Marketing Management - Revision Notes

 CBSE Class 12 Business Studies

Revision Notes



• Needs = basic human requirements. Essential items necessary or fundamental to human existence.

• Wants= desire for a particular product. Tend to be "satisfier specific".

• Demand- willingness to buy is backed by purchasing power

• Utility – want satisfying power of a product.

• What can be marketed:

• A product =
• bundle of utility not confined to physical products but can refer to other things of value such as services, ideas, place. It refers to anything that satisfies a need or want.

• may be tangible or intangible(i.e. goods and services)

• even people can be marketed
• Customers= people or organizations that seek satisfaction of their wants.
• "Marketers‟ =
• Anyone taking a more active role in the process of exchange is called a marketer. Normally it is the seller. But in certain situations, it may also be the buyer. This may be in the situation of rare supply.

• Sellers as marketer are the deliverers or providers of satisfaction. They makes available products or services and offers them to customers with an intention of satisfying customer needs and wants. They can be divided into:

• Goods marketers (such as Hindustan Lever)

• Services marketers (such as Indian Airlines)

• Others marketing experiences (such as Walt Disney) or places (like tourist destinations).
• Marketing activities =activities carried on by the marketers to facilitate exchange of goods and services between the producers and the users of such products.
• Market is:

• Place where buyers and sellers meet and conduct buying and selling activities. It does not necessarily mean a geographical place(e.g. conduct of business thro telephone, mail or internet)

• The other ways in which this term is being used is in the context of a product market (cotton market, gold or share market), geographic market (national and international market), type of buyers (consumer market and industrial market) and the quantity of goods transacted (retail market and wholesale market).

• In the modern marketing sense, it refers to a set of actual or potential buyers of a product or service i.e. all customers who share a particular need or want and are able to buy the product (also referred to as target markets)

Important Features of Marketing

1. Needs and wants: Satisfaction of the needs and wants of individuals and organizations.

2. Creating a market offering: Complete offer for a product of service.

3. Customer value: greatest benefit or value for the money.

4. Exchange mechanism: Exchange of products/services for money/for something of value to them.

Meaning and concept of Marketing Management

Marketing management means management of the marketing functions.
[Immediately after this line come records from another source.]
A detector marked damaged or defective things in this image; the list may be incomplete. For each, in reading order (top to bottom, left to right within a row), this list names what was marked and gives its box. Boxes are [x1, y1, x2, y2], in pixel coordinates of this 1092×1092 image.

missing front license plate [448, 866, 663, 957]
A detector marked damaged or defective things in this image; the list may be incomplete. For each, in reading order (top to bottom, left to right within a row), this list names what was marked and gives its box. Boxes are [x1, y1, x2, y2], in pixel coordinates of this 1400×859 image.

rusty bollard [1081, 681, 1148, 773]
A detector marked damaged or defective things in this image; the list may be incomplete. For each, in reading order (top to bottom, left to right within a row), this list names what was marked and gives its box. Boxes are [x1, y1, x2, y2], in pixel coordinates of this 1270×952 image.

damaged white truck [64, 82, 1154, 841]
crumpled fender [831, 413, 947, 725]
It is the process of organizing, directing and controlling the activities related to marketing of goods and services to satisfy customers’ needs & achieve organizational goals.
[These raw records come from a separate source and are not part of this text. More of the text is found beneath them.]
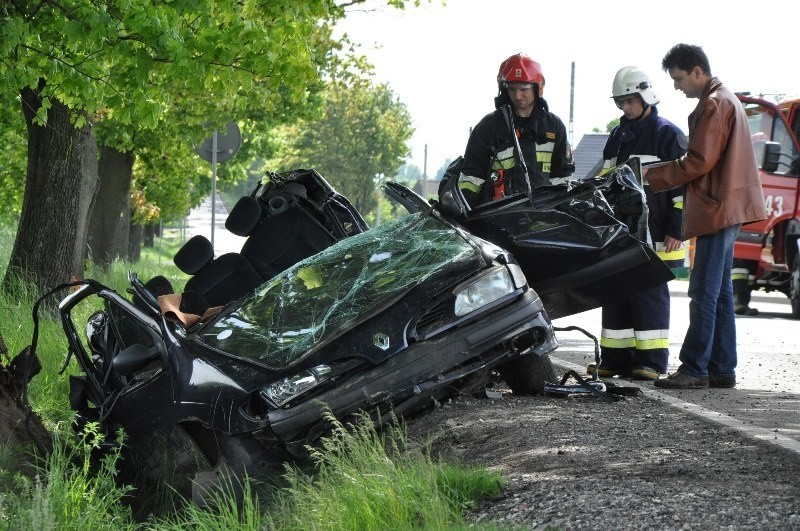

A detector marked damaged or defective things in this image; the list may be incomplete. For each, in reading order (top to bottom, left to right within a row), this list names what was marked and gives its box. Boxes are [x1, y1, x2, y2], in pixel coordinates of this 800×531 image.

crumpled car hood [198, 212, 488, 370]
severely damaged black car [45, 161, 668, 502]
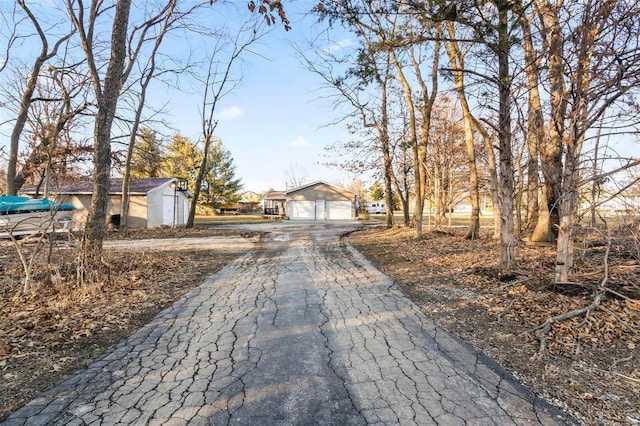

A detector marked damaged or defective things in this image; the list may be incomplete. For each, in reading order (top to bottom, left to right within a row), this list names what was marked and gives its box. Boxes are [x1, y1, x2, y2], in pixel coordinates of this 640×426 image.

cracked paved driveway [2, 221, 572, 424]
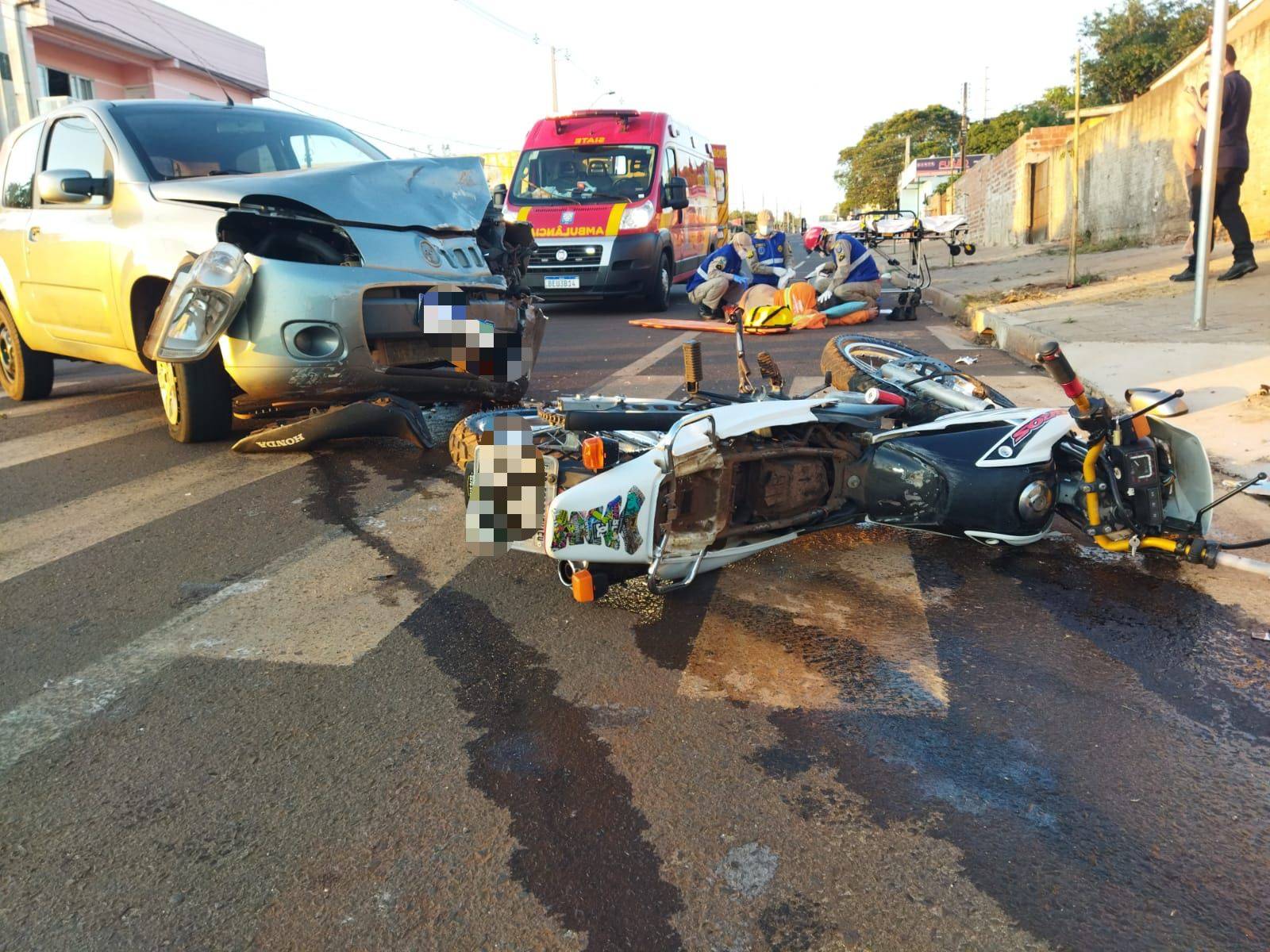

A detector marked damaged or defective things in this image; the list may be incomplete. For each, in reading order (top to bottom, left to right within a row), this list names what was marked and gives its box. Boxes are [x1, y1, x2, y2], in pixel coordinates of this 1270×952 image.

broken headlight [144, 244, 252, 363]
damaged pickup truck [0, 100, 540, 441]
crumpled front bumper [219, 252, 546, 413]
crashed motorcycle [460, 324, 1270, 600]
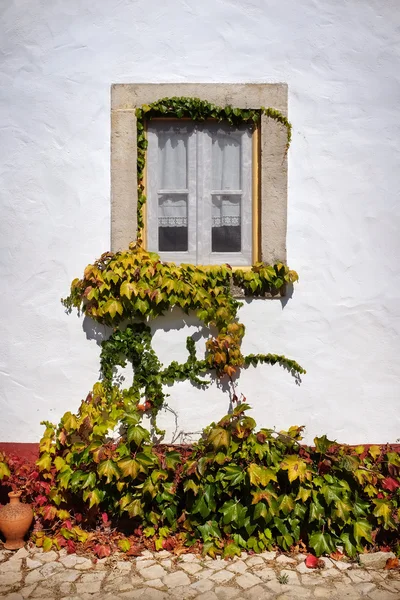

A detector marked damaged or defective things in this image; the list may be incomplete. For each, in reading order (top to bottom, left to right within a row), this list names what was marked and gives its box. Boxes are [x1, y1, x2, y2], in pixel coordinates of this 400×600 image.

The process of Marketing involves:

i. Choosing a target market

ii. Getting, keeping as well as growing the customer

• that is, ensure that the target customers purchase the firm‘s product, ensure that they keep their customers satisfied with the products and attract new customers so that the firm can grow.

iii. Create, develop and communicate superior values to the customers.

Functions of Marketing/Marketing activities

Gathering And Analyzing Market Information:

• systematic investigation of facts

• SWOT analysis

• Necessary to identify needs

• Decisions can be wrt. Identifying customer needs and wants, identifying buying motives, choice of a brand name, packaging and media used for promotion.

• Data is available both from primary as well as secondary sources.

Marketing planning :
• Aim = to develop a complete marketing plan so that the marketing objectives can be achieved.
• It also must specify the action programs .
• E.g if a marketer aims at enhancing his market share in the country in the next three years, then his marketing plan should include various important aspects like plan for increasing level of production, promotion of products etc.

Product designing and development:
• Involves decisions regarding the product to be manufactured and it‘s attributes such as its quality considerations, packaging, models and variations to be introduced etc..
• Done by anticipating customer needs and developing new products or improving existing products to satisfy these needs.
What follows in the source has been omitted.